Oddly enough its not impossible for something connected to the mains to 'know' what the mains phase is.

The inverters should simply just try and feed the mains with whatever it has available: there is no 'switch on' as such.

No, they start as crap, get covered in crap and end as scrap.

You probably get paid whether they work or not.

Whether they have to be or not, the installers won't .

Probably with a squirty foam gun.

Reply to
The Natural Philosopher

Panels are actually rated by their peak output, and are typically in the range 100 to 260 Wp

The inverter is required to monitor the mains voltage and phase. Its control electronics takes care of it. There are mandatory requirements to be met by any installation connected to the incoming supply.

The panels will produce an output voltage whenever enough light falls on them.
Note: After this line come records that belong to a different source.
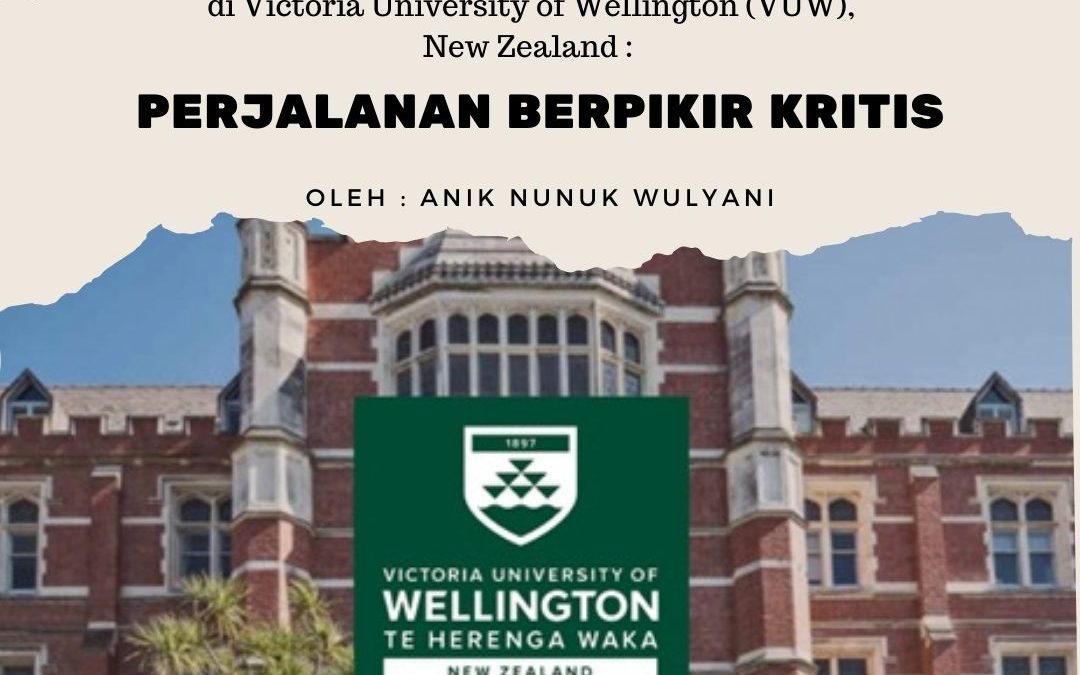 Menjadi PhD candidate di Victoria University of Wellington (VUW), New Zealand: Perjalanan berpikir kritis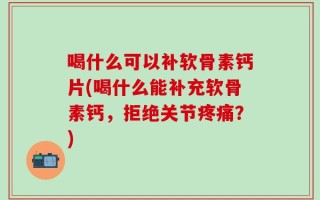 喝什么可以补软骨素钙片(喝什么能补充软骨素钙，拒绝关节疼痛？)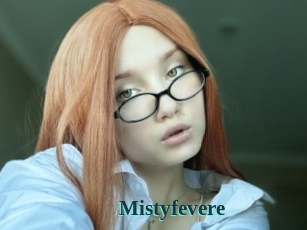 Mistyfevere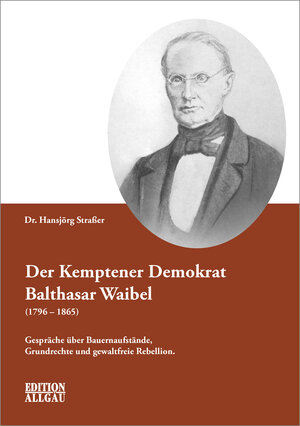 Buchcover Der Kemptener Demokrat Balthasar Waibel (1796–1865) | Hansjörg Straßer | EAN 9783958051058 | ISBN 3-95805-105-7 | ISBN 978-3-95805-105-8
As soon as the output is sufficient, then the inverter turns on and produces ac output. This continuously varies.

Formal instructions say that they should be cleaned periodically. How necessary this is may depend upon the location and the nature of any contamination.

I guess that, as the number of installations increases, there will probably be firms appearing who will do this for a fee.
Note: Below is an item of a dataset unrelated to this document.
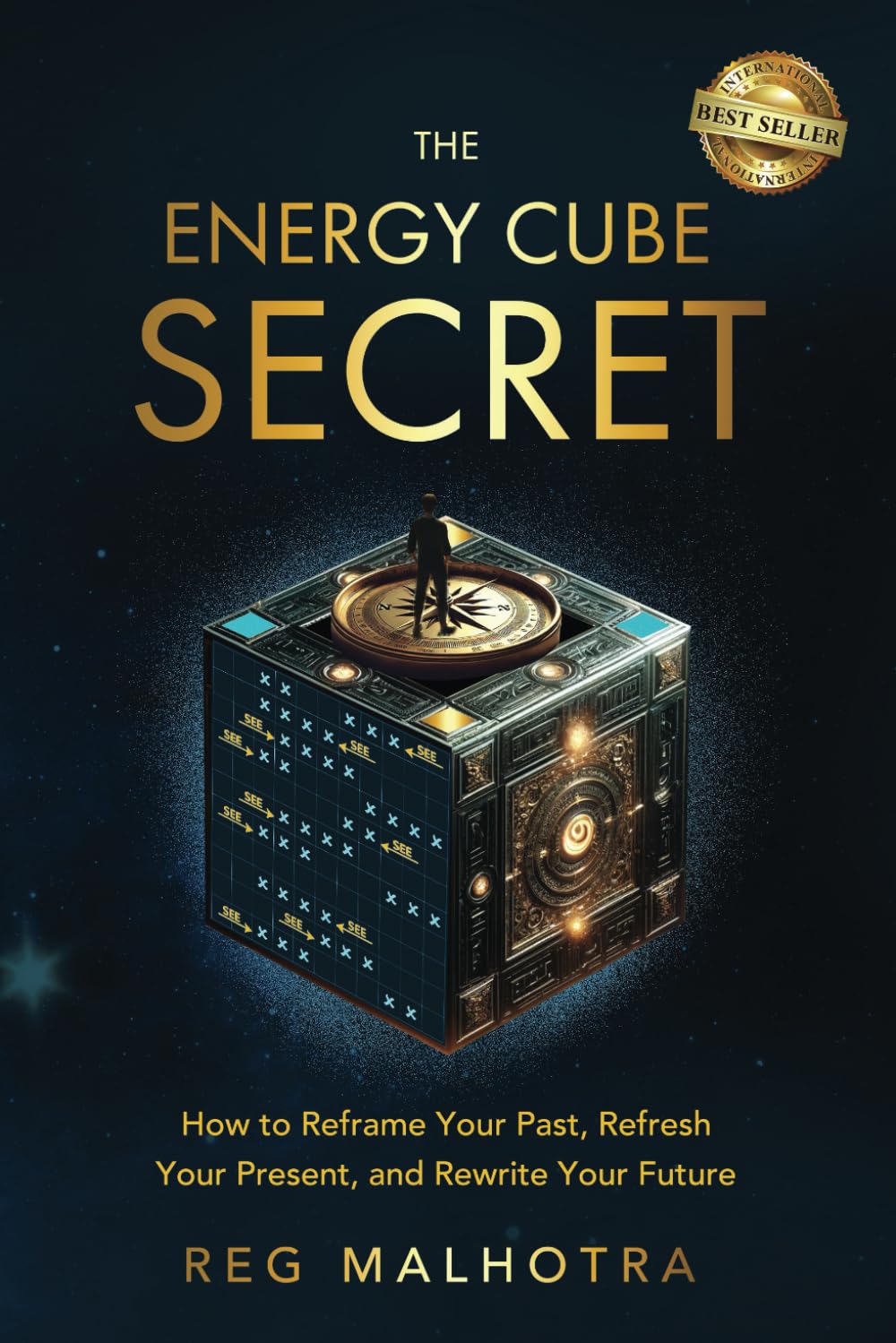 The Energy Cube Secret: How to Reframe Your Past, Refresh Your Present, and Rewrite Your Future Business, Finance & Career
Not necessarily. However it would be prudent to get a written waiver from building control. I required my installer to take care of this.

OTOH a friend discovered his roof timbers had warped and were no longer properly supporting the roof weight. This required professional assistance and the addition of reinforcing steelwork.

Depends a little on the exact design of your roof. In my case the tiles were simply slid upwards to enable the stainless steel brackets to be secured to the roof timbers. The tiles are then returned to their original position. Mounting rails are fastened to these brackets, and the panels then bolt onto the mounting rails.

There is a great deal of information on the web, with photos, videos, output predictions and so forth.

Chris

Reply to
Chris J Dixon

And of course if taking up the special offers you are restricted to a certain number of panels and that is it, unlike, it appears Australia and France, the latter where every seemingly available bit of space on farms has solar panels on them. Brian

Reply to
Brian Gaff

Panels are various sizes. Big ones are about 200Wattseach.

Google "grid tie inverter."

The panel is in parallel with the mains

No, they are self cleaning unless they are very flat/level.

Generally no.

Tiles are removed and brackets are screwed to the rafters. They are then cut & put back, sometimes with lead flashings.

Reply to
harryagain

That is the incident radiation. Allowing for the efficiency of the typical panel the electricity out tends to be around 20% or lower if they get dirty (and much lower if some are partially shaded).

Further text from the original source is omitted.